Nigel Farage visits the Netherlands before a referendum over a Ukraine trade agreement is held
The leader of Britain's UK Independence Party, Nigel Farage said on Monday that a Dutch vote against an EU treaty with Ukraine would give a boost to the Brexit camp.
The comments from the UKIP leader come less than three months from a British referendum on quitting the 28-nation bloc.
On Wednesday voters in the Netherlands go to the polls in a referendum that is formally about the treaty, but that activists present as an opportunity to cast a vote against European integration.
UKIP leader Nigel Farage said on a visit to the Netherlands that a Dutch 'No' would embolden British voters who believed they were alone in Europe in holding eurosceptic views.
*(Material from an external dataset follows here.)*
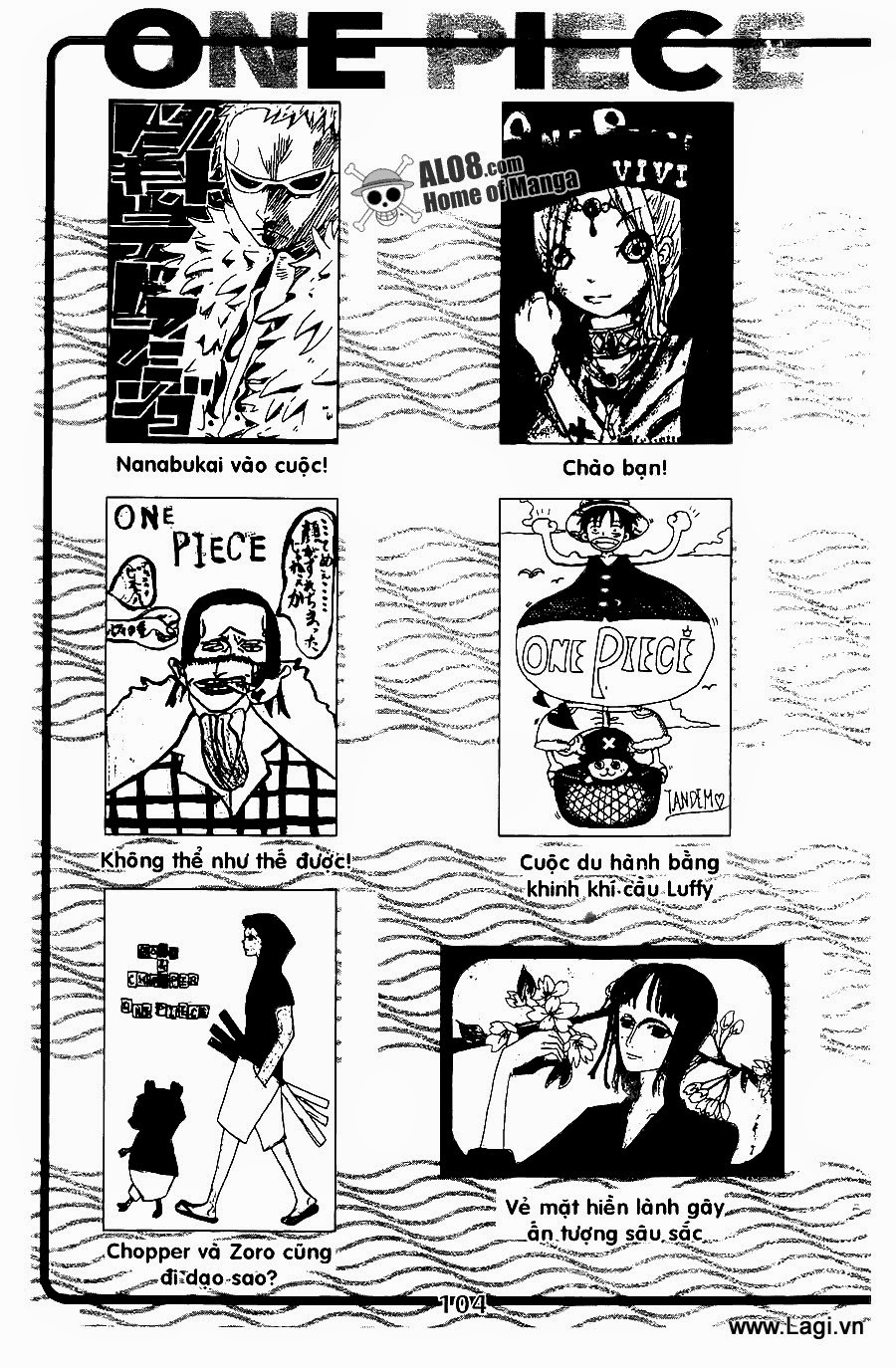 One Piece Chapter 241 - 17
"I hope very much that you do the right thing in this country on Wednesday [day of Dutch referendum on Ukraine trade treaty], whatever that may be. And if you do, I tell you what, you'll give me a hell of a lot of assistance for June the 23rd when something epoch-shattering is going to happen. Thank you."
The Dutch vote was triggered after a satirical website collected enough signatures to call a referendum on the treaty, a broad trade, political and defence agreement which grants Ukraine access to EU markets in exchange for ramped up reform efforts in the country.
Dutch politicians have warned that a rejection of the treaty would hand a symbolic victory to Russian President Vladimir Putin, who has been fueling a war in Ukraine since 2014 and is widely blamed in the Netherlands for the downing of flight MH17 and the loss of almost 200 Dutch lives.